Perfplot is a handy tool for that. It requires a setup to generate input of a given size and a list of implementations to compare '''
import perfplot

kernels = [
  loop_impl,
  iterrows_impl,
  itertuples_impl,
  apply_impl,
  list_impl,
  vec_impl,
  np_vec_impl,
  numba_impl,
  pandarallel_impl,
  dask_impl,
  swifter_impl
]

perfplot.show(
  setup=lambda n: test_data_set.sample(10000),
  kernels=kernels,
  n_range=[2 ** k for k in range(1, 21)],
  xlabel='n_rows',
  logx=True,
  logy=True,
  equality_check=None
)

Output()

Performing an operation independently to all Pandas rows is a common need. Here are my recommendations:

    Vectorize DataFrame expression: Go for this whenever possible.

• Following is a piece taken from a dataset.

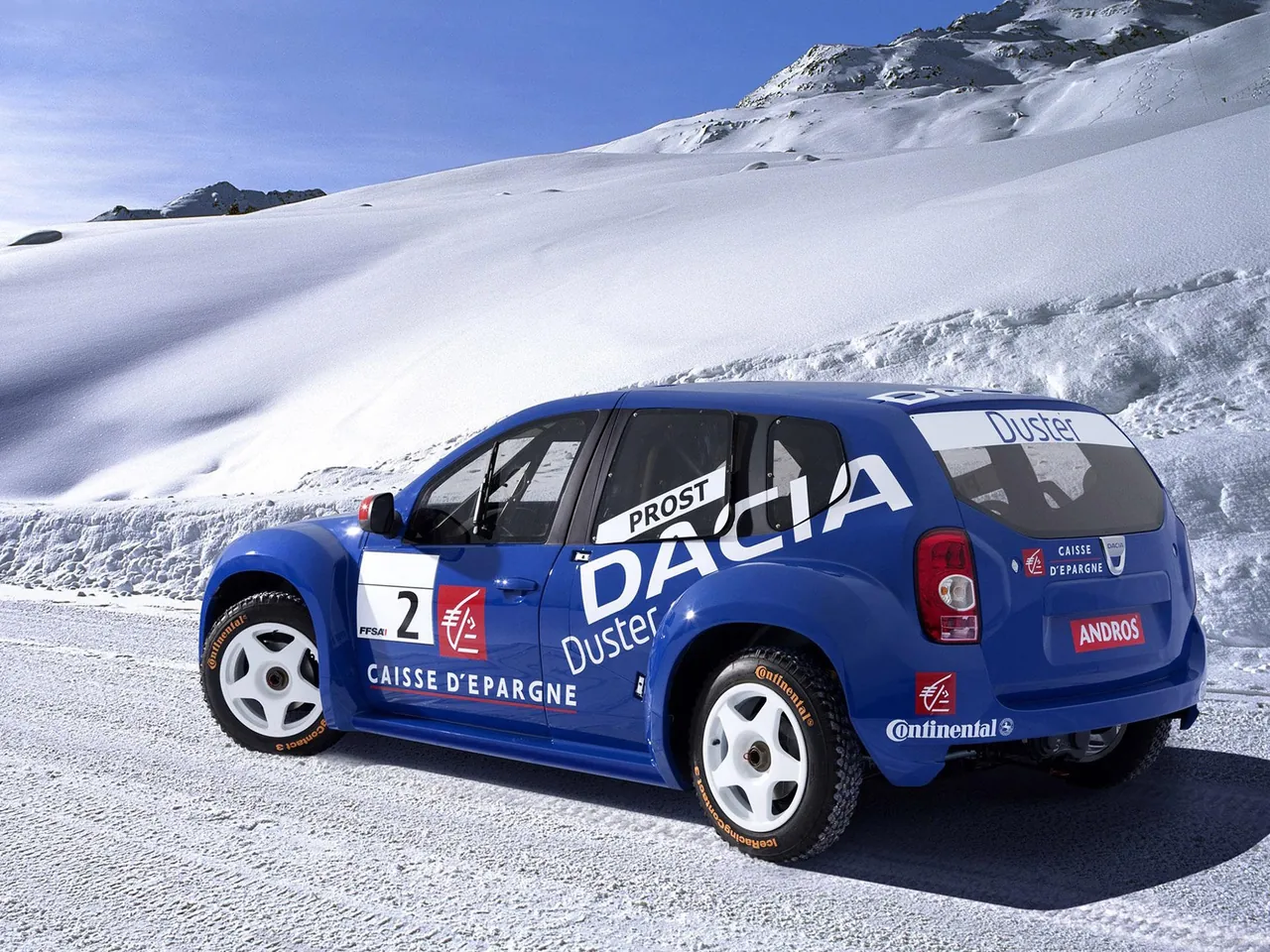 Dacia Duster Trophee Andros (2010) – zadní tříčtvrteční pohled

    NumPy vectorize: Its API is not very complicated. It does not require additional packages. It offers almost the best performance. Choose this if vectorizing DataFrame isn’t infeasible.

    List Comprehension: Opt for this alternative when needing only 2–3 DataFrame columns, and DataFrame vectorization and NumPy vectorize not infeasible for some reason.

    Pandas itertuples function: Its API is like apply function, but offers 10x better performance than apply. It is the easiest and most readable option. It offers reasonable performance. Do this if the previous three do not work out.

    Numba or Swift: Use this to exploit parallelization without code complexity.